Independent presidential candidate Robert F Kennedy Jr is once again firefighting a bizarre story from his past after he wildly confessed to dumping a dead bear cub in New York City’s Central Park a decade ago.
Seemingly attempting to get ahead of the publication of a forthcoming article in The New Yorker magazine, RFK Jr posted a video on X recounting the wild tale to former sitcom actress Roseanne Barr.
In the three-minute clip, RFK Jr claims he had set out from the Big Apple in October 2014 to spend a weekend falconing with friends in upstate New York, when he saw a motorist ahead of him hit the bear with her car.
The cub was killed instantly, he says.
RFK Jr says he pulled over and retrieved the dead animal, loading it into his own vehicle, adding: “I was going to skin the bear – and it was in very good condition – and I was going to put the meat in my refrigerator.

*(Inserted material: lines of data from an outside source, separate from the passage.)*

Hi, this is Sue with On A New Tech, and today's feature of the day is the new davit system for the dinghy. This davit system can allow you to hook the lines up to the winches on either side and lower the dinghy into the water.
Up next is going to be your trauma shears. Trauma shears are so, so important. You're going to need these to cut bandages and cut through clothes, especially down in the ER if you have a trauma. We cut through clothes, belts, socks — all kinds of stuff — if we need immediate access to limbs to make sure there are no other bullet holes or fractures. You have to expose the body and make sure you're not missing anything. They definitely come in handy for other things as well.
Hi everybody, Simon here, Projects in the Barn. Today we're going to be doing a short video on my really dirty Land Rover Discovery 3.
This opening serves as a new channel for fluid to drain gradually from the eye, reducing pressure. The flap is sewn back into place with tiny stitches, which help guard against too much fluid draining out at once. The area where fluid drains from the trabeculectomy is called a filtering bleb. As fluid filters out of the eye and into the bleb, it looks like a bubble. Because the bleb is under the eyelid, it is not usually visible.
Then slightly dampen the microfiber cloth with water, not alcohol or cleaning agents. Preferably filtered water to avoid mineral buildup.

“And you can do that in New York State. Get a bear tag for a roadkill bear.”
He tells Barr that he drove on and continued with his day’s sport near Goshen in the Hudson Valley before attending dinner at Peter Luger Steakhouse some 75 miles south.

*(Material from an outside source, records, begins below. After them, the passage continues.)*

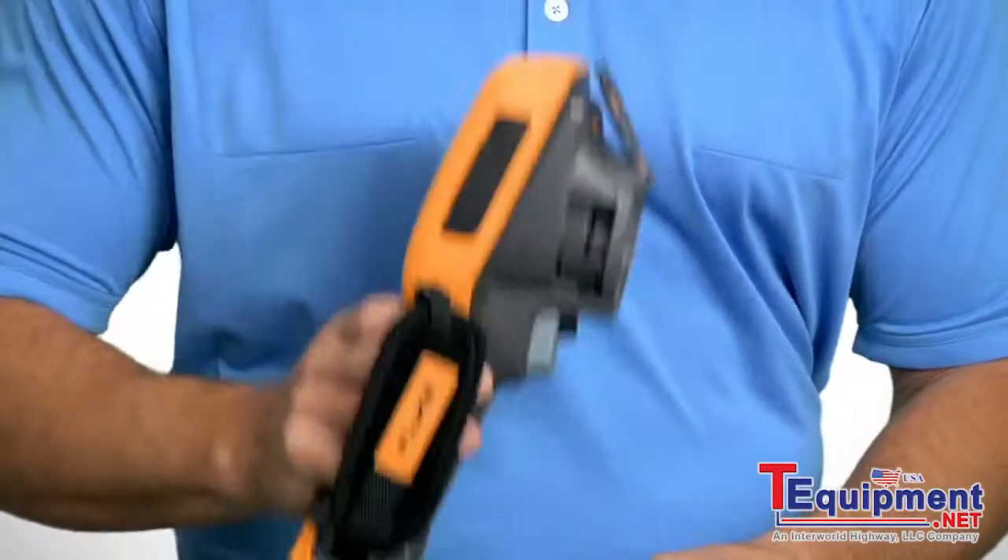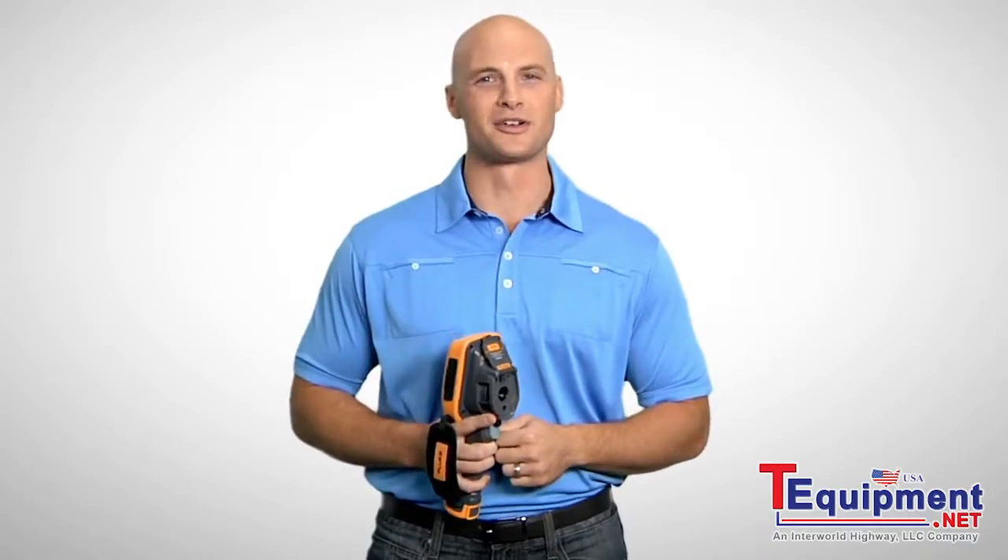And because they're Fluke tools, they're Fluke tough. The new thermal imagers from Fluke — thermal imaging doesn't get any easier than this.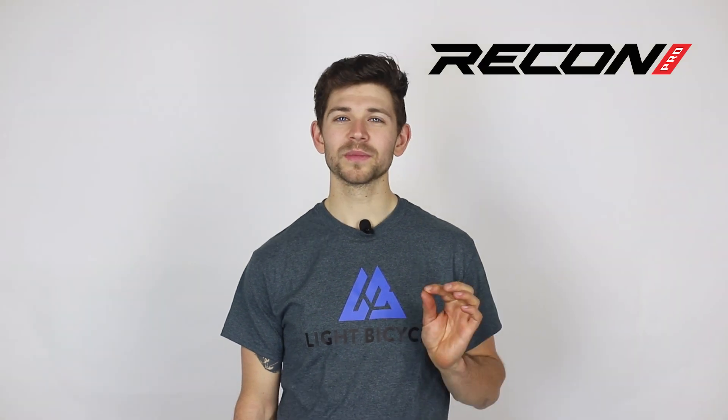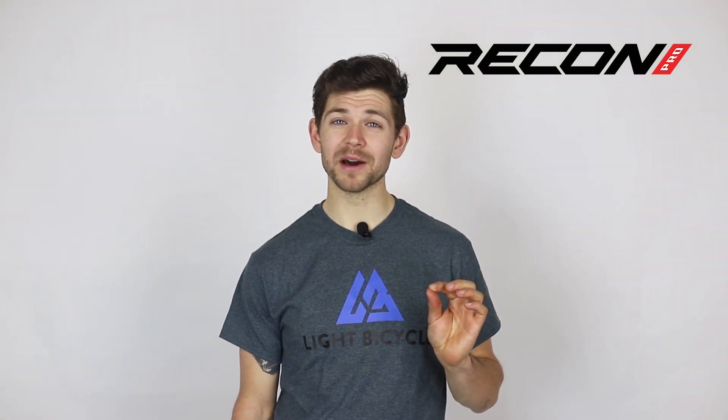Hey, this is Michael from Light Bicycle, and right now I'm going to tell you about our new Recon Pro rims. The Recon Pro is a brand new line of mountain bike rims that feature a scratch-resistant finish, a stronger layup, and an environmentally friendly manufacturing process.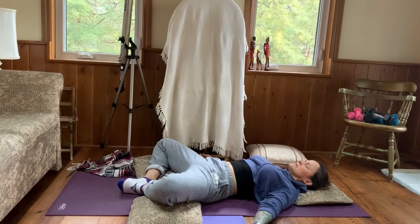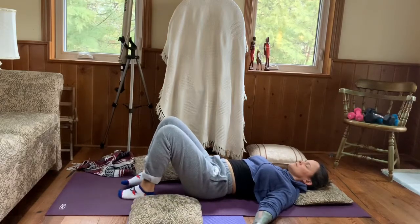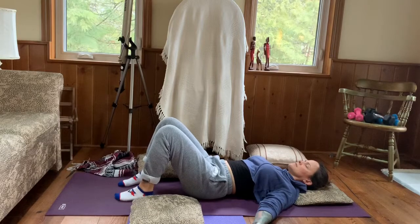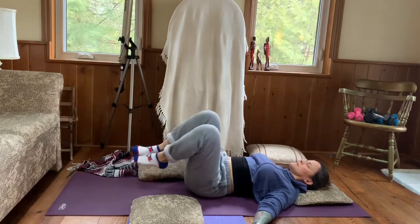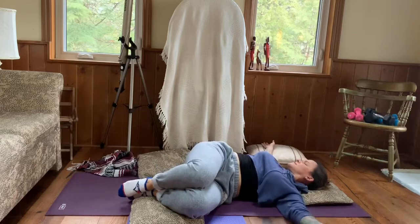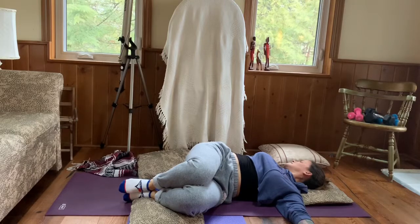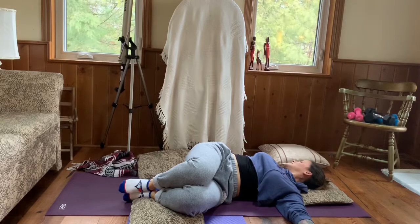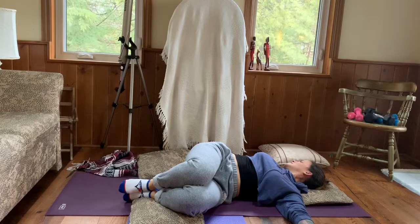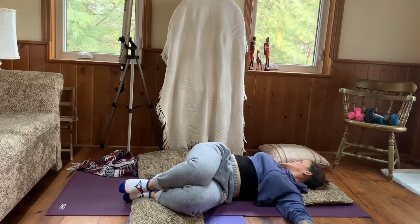Very gently beginning to awaken yourself, bringing your knees back together. Picking up your hips, shifting them to the right and letting both knees fall to the left. Arms can come out to a tee; your gaze can go towards your right arm. Knees to the left, gaze to the right — again, if your neck is unhappy, you can just continue to look up towards the ceiling. It's yogi's choice.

“At the end of the dinner, it was late and I realised I couldn’t go home,” he continues.
“I had to go to the airport, and the bear was in my car, and I didn’t want to leave the bear in my car because that would have been bad.”
RFK Jr says it was at this moment that he landed on the wild idea of leaving the bear cub’s carcass in Central Park next to an old bicycle he had in his vehicle, in a ploy to make the cub’s death look like an accident involving a cyclist.
The scheme was cheerily endorsed by his fellow diners, he claims.
“So we did that and we thought it would be amusing for whoever found it or something,” continues RFK Jr, as he sits at a messy dinner table while Barr listens intently.
The following day, RFK Jr learned that the discovery of a dead bear cub was all over the news.
“The next day… it was on every television station. It was a front page of every paper and I turned on the TV and there was like a mile of yellow tape and 20 cop cars, there were helicopters flying, and I was like, ‘Oh my god. What did I do?’” he says in the video.
Back in October 2014, the dead bear cub hit headlines and sparked a mystery as to how it wound up there.
Central Park Conservancy said at the time that a dog walker had stumbled across the three-foot-tall creature’s carcass under a bush near West 69th Street and West Drive in the park and alerted authorities.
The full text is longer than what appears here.